Ein Leser verteidigt die moderne Ausrichtung, einer warnt davor, dass das Haus damit sein Publikum verspielen könnte.

",Da geh ich nicht mehr hin'" vom 8. April und Leserbriefe "Zu viel Zeigefinger, zu wenig Kunst" vom 17. April:

Reaktionäre Ressentiments?

Als freischaffender Dramaturg durfte ich im Vorjahr an den Münchner Kammerspielen "Wer immer hofft, stirbt singend", Jan-Christoph Gockels "Reparatur einer Revue" nach Motiven und Texten von Alexander Kluge begleiten. Vielleicht liegt es nur an den schönen und produktiven Erfahrungen, die ich in dieser Zeit mit dem Haus und dem Team rund um Barbara Mundel machen durfte, dass ich zuletzt in Ihrem Blatt Christine Dössels Befund einer "Krise" über weite Strecken nicht nachvollziehen konnte.

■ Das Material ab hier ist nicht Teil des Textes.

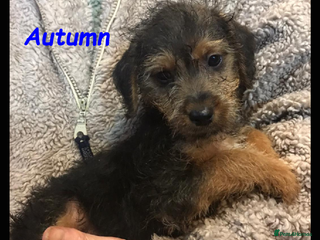 Jackapoo dogs Meet Autumn! **ready now** - Advert 1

Aber gut, über die Situation nach den Lockdowns kann man diskutieren. Wirklich problematisch empfand ich aber am 17. April eine Leserbrief-Sammlung, in denen "mehr Klassikerpflege" (warum gerade in den Kammerspielen?) gefordert wird, eine Rückkehr in die guten alten Zeiten von Rolf Boysen, oder Klage über eine "allzu moralische Anstalt" geäußert wird.

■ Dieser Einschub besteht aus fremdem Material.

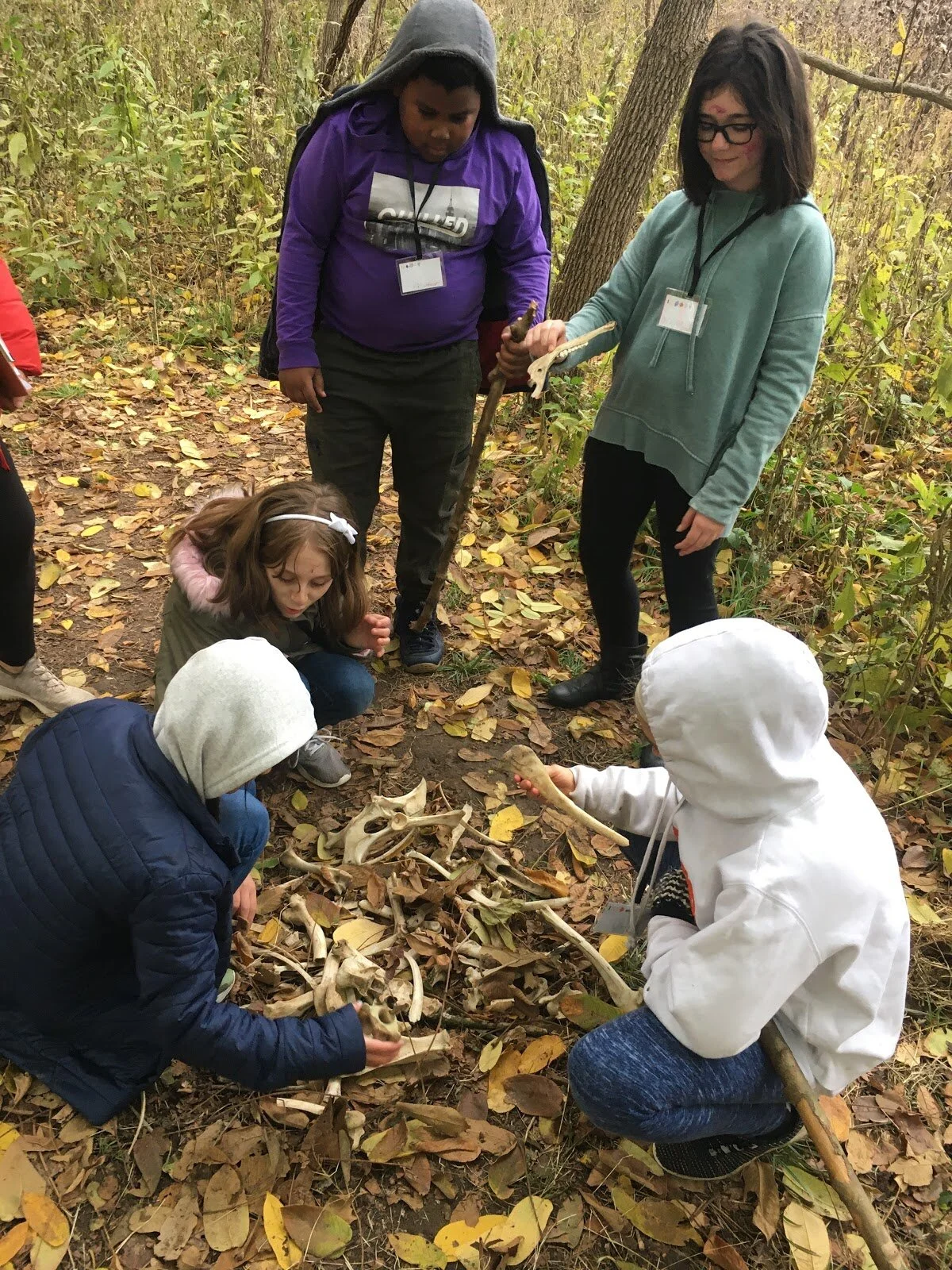 Missouri Botanical Garden and The Litzsinger Road Ecology Center (LREC)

Ich frage mich: Steht München jetzt eine ähnlich unappetitlich und selbstgefällig reaktionäre, mit Ressentiments aufgeladene Debatte wie die zuletzt in der Schweiz rund ums Zürcher Schauspielhaus hochgekochte bevor? Wäre hier nicht eine seriösere, mehrere Blickwinkel einschließende öffentliche Debatte angesagt?

Claus Philipp, Wien

Theater vorbei am Publikum?

Dass viele Zuschauer von diesem angesehenen Theater nicht mehr erreicht wurden, hat sich spätestens in der letzten Spielzeit der alten Intendanz gezeigt. Man hätte daraus lernen können, statt sich auf ein neues Abenteuer einzulassen.

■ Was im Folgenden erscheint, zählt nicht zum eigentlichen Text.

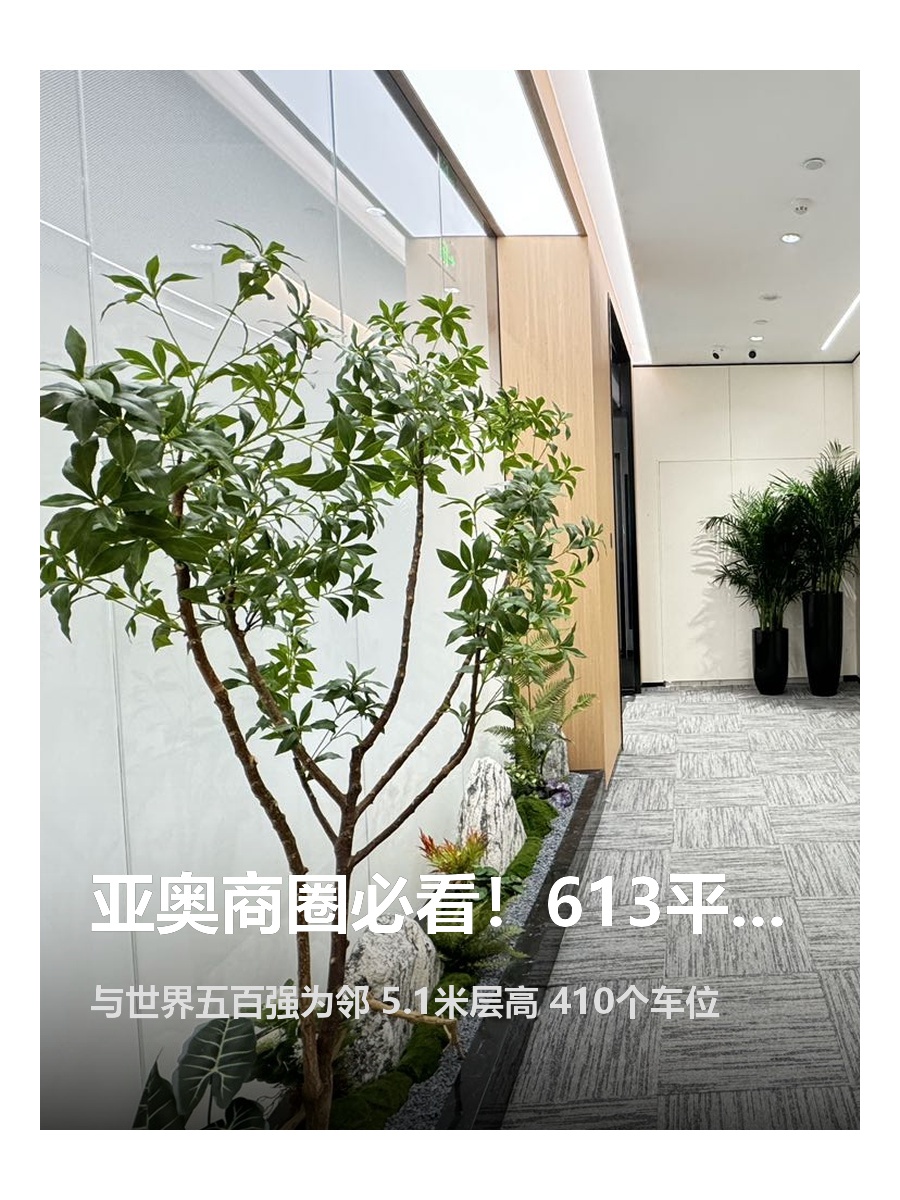 龙湖蓝海引擎产业园办公室实景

Niemand hat sich zu derartigen Missverständnissen treffender geäußert als Harald Schmidt aus ähnlichem Anlass im SZ-Interview "Ich lach mich krank" vom 11. Februar zum renommierten Schauspielhaus Zürich: "Das Schauspielhaus Zürich ist nicht irgendeine Klitsche, sondern ein Haus mit großer Geschichte und Geld. Das Publikum will Schauspieler sehen. Stars, die sie über mehrere Produktionen verfolgen können. Nur mit Projekten, Überschreibungen und ,Wilhelm Tell nach Schiller' scheint das nicht funktioniert zu haben. (...) Es heißt nicht von ungefähr: ,Show Business': Ich muss die Plätze verkaufen, sonst ist die Bude dicht. Das habe ich oft auf dem Theater erlebt: 20 Prozent Platzausnutzung, und man sagte, wir sind zu radikal für diese Spießer. Dabei war es einfach nur stinklangweilig. Die viel beschimpften Abonnenten kommen ja meistens sogar noch. Aber die will man gar nicht mehr. Frage ich immer: habt ihr denn neue?" So weit Harald Schmidt.